About 200 people gathered at VietAID Community Center in Fields Corner last Saturday afternoon to discuss a Boston-wide housing plan catered toward residents facing displacement.

This was the third assembly in a series of five organized by Right to The City Boston, a coalition that includes ten groups whose neighborhoods are being impacted by rising housing costs and evictions.

The event kicked off at 11 a.m. with five residents from various advocacy groups taking turns reciting the “Homes For All” core principles in different languages. Throughout the day, interpreters were available for non-English speaking community members. In the crowd, many returning activists and some newer faces represented a number of Boston’s neighborhoods. Posters that hung on the walls included phrases such as, “Don’t sell out our community to billionaire investors,” and “We have the right to the city.”

These posters were later carried to a rally at the site of the forthcoming mixed-used Dot Block development in Glover’s Corner.

“We are marching over there and saying we don't want this to happen anywhere else in this city,” said Helen Matthews, communications manager for City Life/Vida Urbana, one of the organizations that planned the event. “What we do want is a master plan for Glover’s Corner that calls for 65 percent of new housing in that area to be affordable at real income levels. Not 100 percent AMI (Area Median Income), but real AMI levels.”

James Michel, co-founder of Boston Clean Energy Coalition began attending meetings because he felt he needed to learn more. “I have spent the last five years or so focusing on climate change, but it’s all connected. It’s the same power we are fighting against,” he said.

Attendees broke off into groups to further discuss the Boston People’s Plan’s three main objectives: establishing anti-displacement zones; ensuring that at least half of new housing is affordable; and empowering neighborhoods in the face of development.

Under its Inclusionary Development Policy (IDP), last updated in 2015, the city mandates that buildings with more than nine units that need zoning approval must designate at least 13 percent of their on-site units and either 15 or 18 percent of off-site units as “affordable.” In some cases, developers are allowed to pay into an IDP fund that goes toward affordable housing production.

The affordability standards are federally determined and include a region larger than just Boston proper, which critics point out includes income levels not reflective of many neighborhoods.

Meetings are under way now to reassess the affordability requirements for Boston. There is also a city-backed effort to apply IDP standards to projects that do not require zoning relief, which would result in more affordable units.

At a Dorchester Not For Sale group meeting in February, advocates asked Mayor Martin Walsh to commit then and there to the 65 percent standard in Glover’s Corner.

Walsh said at the time that practical limitations like precipitously dropping federal funding and tax-dependent city revenue meant he could not honestly make that promise.

“Sixty-five percent affordable — a great goal, a brilliant goal,” he said, later adding: "The answer is yes, but the reality isn’t yes. This is where honest conversations have to happen. We’d like to say zero displacement, but there’s no way any person can commit to that. I can’t commit to 65 percent affordable, because how do you get there?”

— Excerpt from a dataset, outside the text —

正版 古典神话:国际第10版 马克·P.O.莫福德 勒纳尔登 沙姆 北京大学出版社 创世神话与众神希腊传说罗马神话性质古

Reconvening after an hour of discussion and lunch on Saturday, the groups summarized their conclusions. Community members waved green sheets of paper in the air, signaling their agreement to the demand for a board of community members that will have veto power over developers in the review process. They agreed that they need to be able to say, ‘We don’t want this if it doesn't meet community needs and standards.’

Another policy proposed at the meeting was to change the value and definition of AMI.

“We need to align the different neighborhoods because what's affordable in Roxbury isn’t affordable in Mattapan or East Boston,” said Darnell Johnson, coordinator of Right to The City Boston. “We are trying to find that through line that we can say, ‘When you're coming to build in Boston, affordable housing and equitable development mean this to Bostonians city-wide.’”

Organizers founded the rally to reflect the common needs and demands the communities share. “This is not just an isolated incident to Dorchester. … This is a city-wide crisis that nobody has yet to address with real solutions,” said Andres Del Castillo, a resident of East Boston and community organizer for City Life/Vida Urbana.

“In a lot of the planning meetings our communities are left out whether strategically or systematically, through complete lack of language access or appropriate outreach, so these moments are really important,” Del Castillo said, adding, “We’re also modeling a process for the government. We’re able to say this is what it should look like when you make a plan for the city because this is not what it looks like anymore.”

Along the march to Glover’s Corner from VietAID, participants chanting, “Luxury condos, they’re no good. Get them out of our neighborhood.”